Exercise objective:
Among the lines of data below, reproduce only those from the one with "Sikunuo | Stylish" through the one with "Nokia G22 Telefoonhoesje met Pasjes Koe", exactly as they stand, both ends included.

Study material:
>>>
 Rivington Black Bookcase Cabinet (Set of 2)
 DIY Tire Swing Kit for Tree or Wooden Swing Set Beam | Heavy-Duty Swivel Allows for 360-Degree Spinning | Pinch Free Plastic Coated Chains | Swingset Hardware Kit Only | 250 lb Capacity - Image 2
<<<
>>>
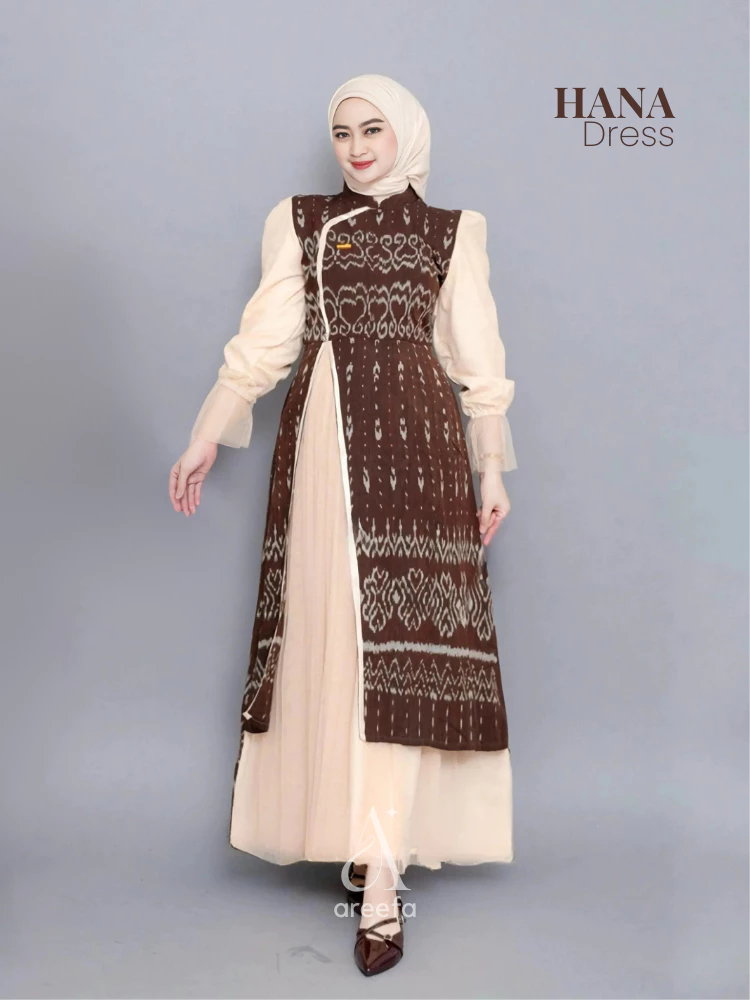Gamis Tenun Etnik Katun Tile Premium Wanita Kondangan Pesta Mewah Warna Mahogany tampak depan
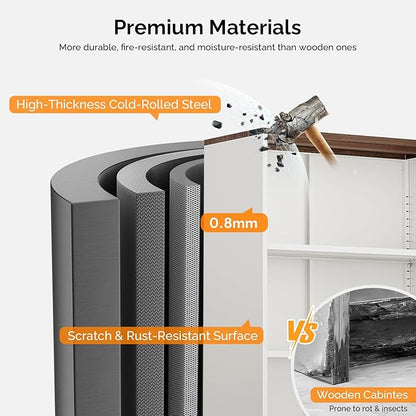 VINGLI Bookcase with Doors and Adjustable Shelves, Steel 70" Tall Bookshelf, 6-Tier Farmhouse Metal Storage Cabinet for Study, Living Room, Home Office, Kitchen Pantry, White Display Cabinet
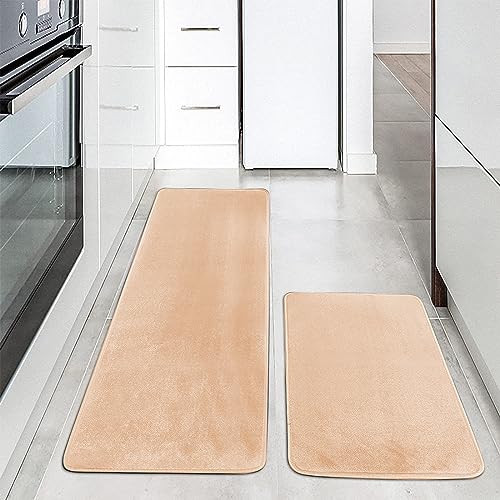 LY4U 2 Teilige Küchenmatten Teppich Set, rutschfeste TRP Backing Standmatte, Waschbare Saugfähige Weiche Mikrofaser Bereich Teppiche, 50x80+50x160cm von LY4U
<<<
>>>
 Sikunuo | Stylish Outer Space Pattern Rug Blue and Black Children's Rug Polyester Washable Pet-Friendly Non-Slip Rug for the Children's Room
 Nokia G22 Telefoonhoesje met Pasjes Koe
<<<
Answer space:
 Sikunuo | Stylish Outer Space Pattern Rug Blue and Black Children's Rug Polyester Washable Pet-Friendly Non-Slip Rug for the Children's Room
 Nokia G22 Telefoonhoesje met Pasjes Koe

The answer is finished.